** Opening Recorded data block **

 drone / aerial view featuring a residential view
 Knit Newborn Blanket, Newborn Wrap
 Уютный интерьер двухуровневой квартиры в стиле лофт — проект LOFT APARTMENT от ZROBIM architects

** Closing Recorded data block **

Task requirements »
With nothing left out, output the whole listing exactly.

Solved problem »
 drone / aerial view featuring a residential view
 Knit Newborn Blanket, Newborn Wrap
 Уютный интерьер двухуровневой квартиры в стиле лофт — проект LOFT APARTMENT от ZROBIM architects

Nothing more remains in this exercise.